◆ WORK TO BE COMPLETED
Skip the pictures, please, and write out exactly the lines from the opening of the data through the line containing "Hawaii BeachTravel Poster (Küche)".

◆ Pictures with short captions

▼

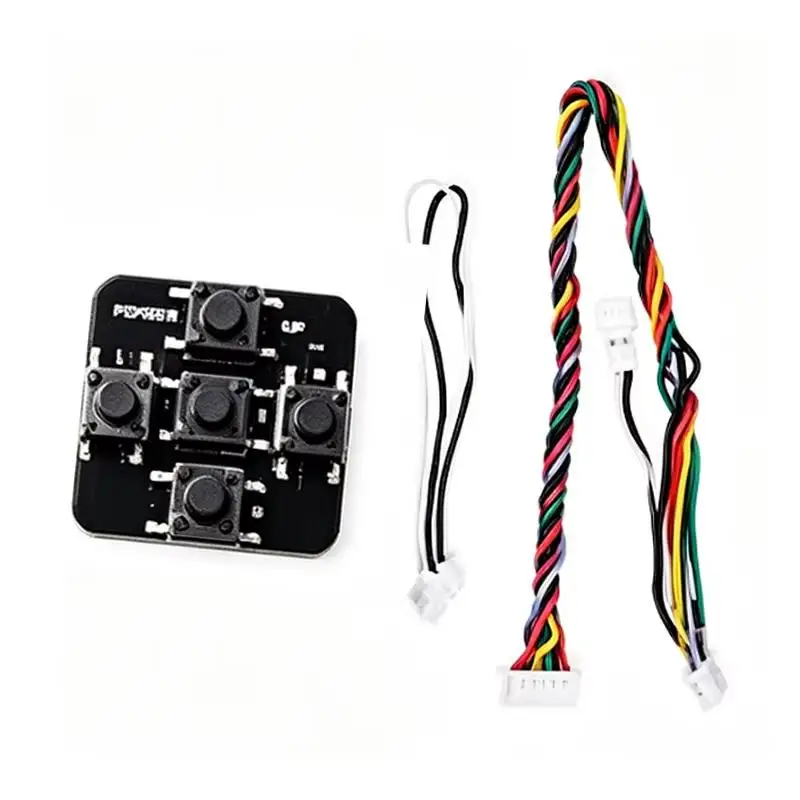 Foxeer FPV Camera Button Control Board 5 Tactile Operation Keys with Connecting Cables for DIY FPV Drone Assembly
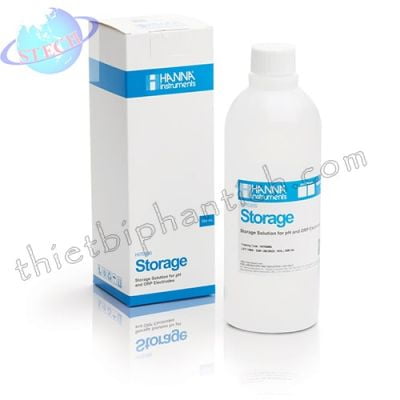 Dung dịch bảo quản điện cực thông dụng pH và ORP, 500mL Hanna Mỹ HI70300L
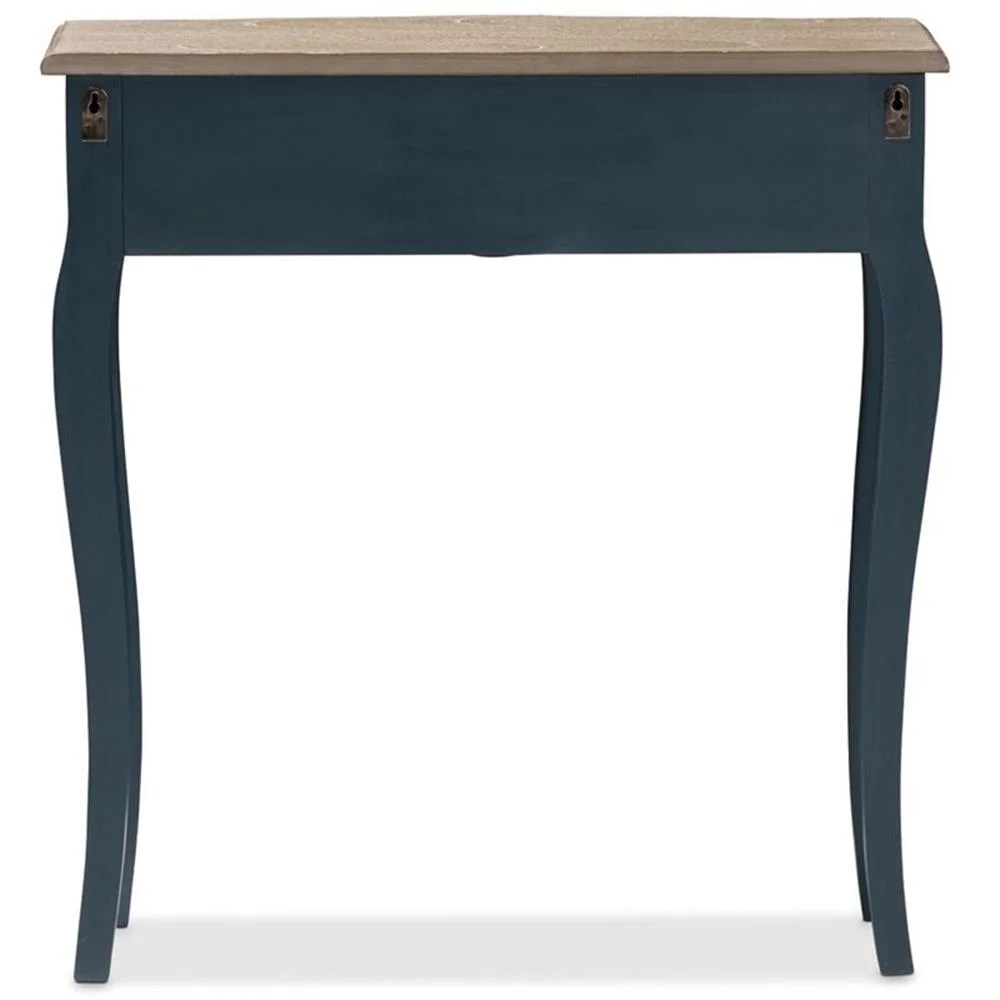 Baxton Studio Mazarine Classic and Provincial Blue Spruce Finished Console Table - Image 8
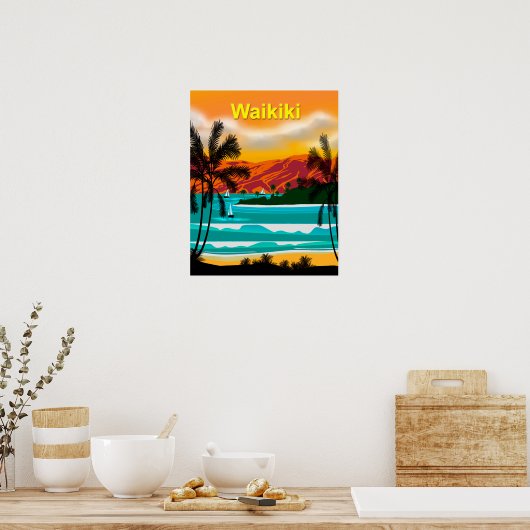 Hawaii BeachTravel Poster (Küche)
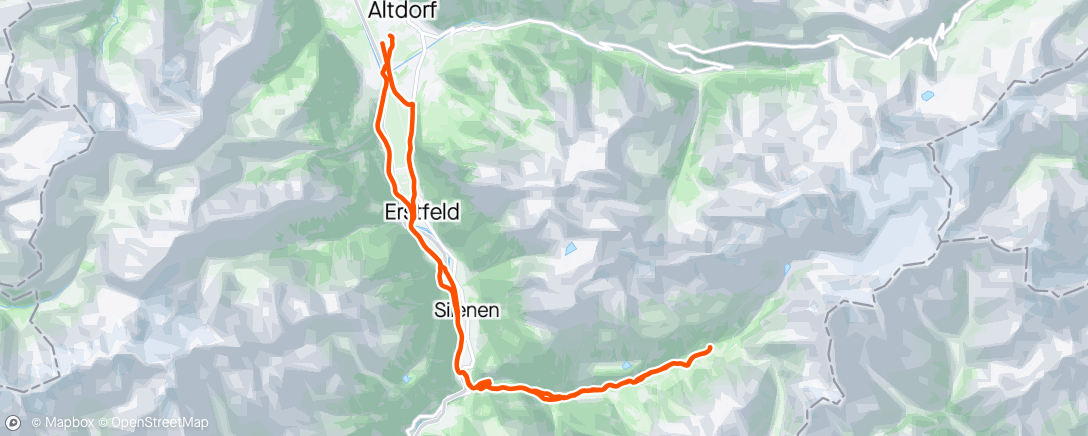 Map of the activity, First accidental mountain bike tour ⛰️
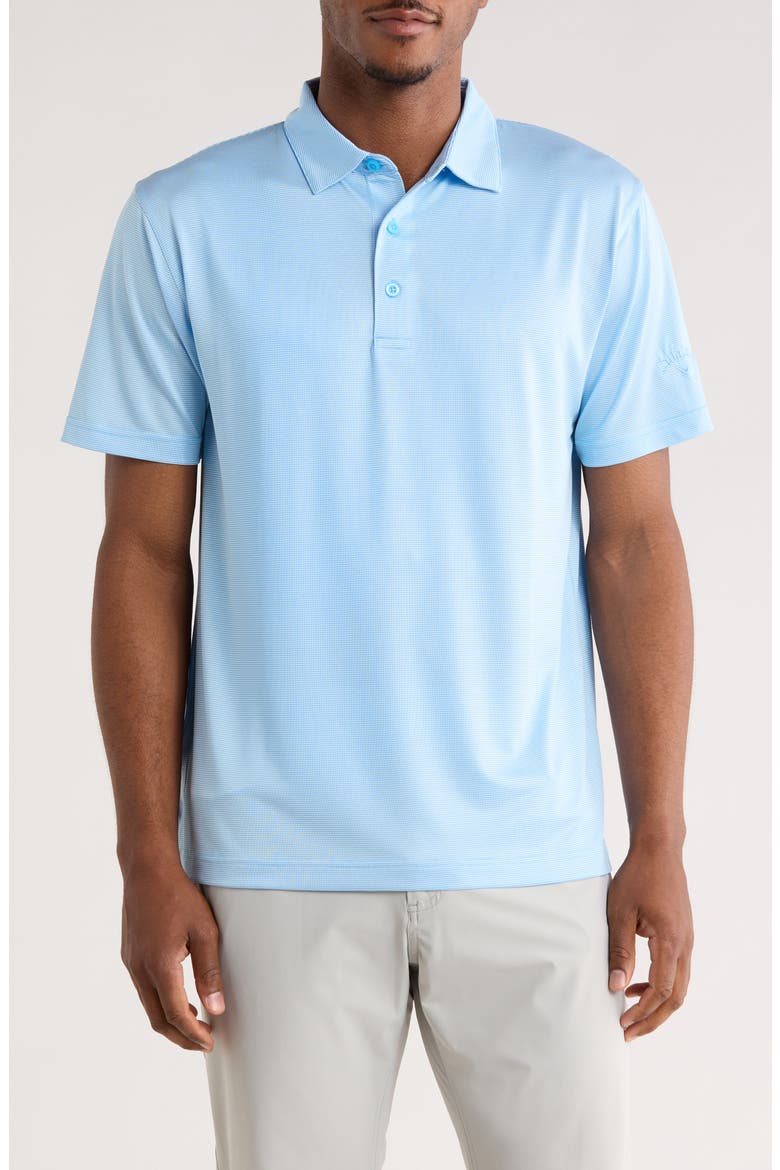 Fine Line Stripe Polo, Main, color, COMET SEA STAR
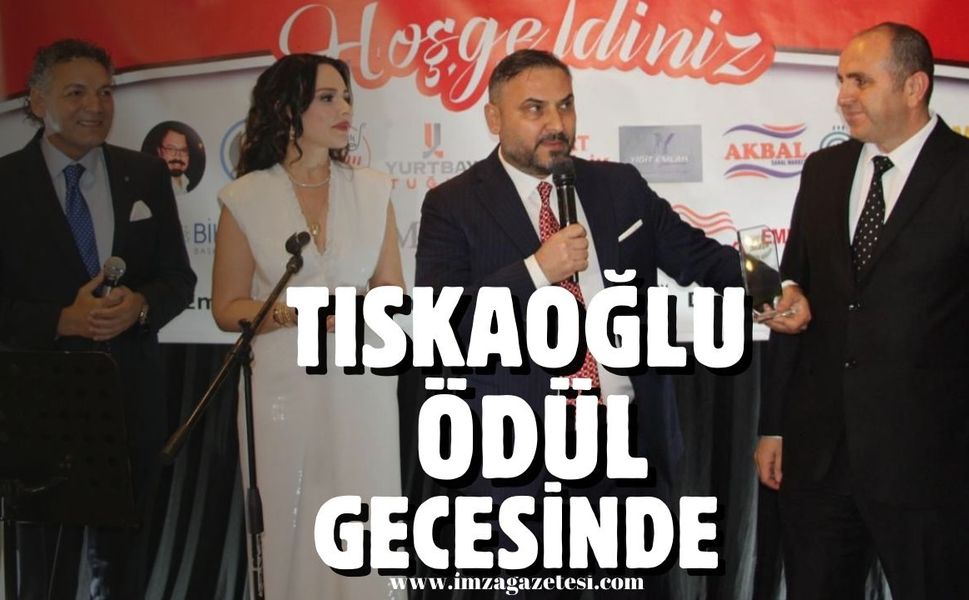 Tıskaoğlu, Best Of Zonguldak Marka Ödül Gecesinde!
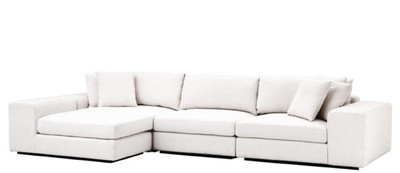4251549342755 - Luxus Wohnzimmer Ecksofa WeiÃ   Schwarz 380 x 200 x H 90 cm - Luxus MÃ¶bel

▲

◆ RESULT OF THE EXERCISE
 Foxeer FPV Camera Button Control Board 5 Tactile Operation Keys with Connecting Cables for DIY FPV Drone Assembly
 Dung dịch bảo quản điện cực thông dụng pH và ORP, 500mL Hanna Mỹ HI70300L
 Baxton Studio Mazarine Classic and Provincial Blue Spruce Finished Console Table - Image 8
 Hawaii BeachTravel Poster (Küche)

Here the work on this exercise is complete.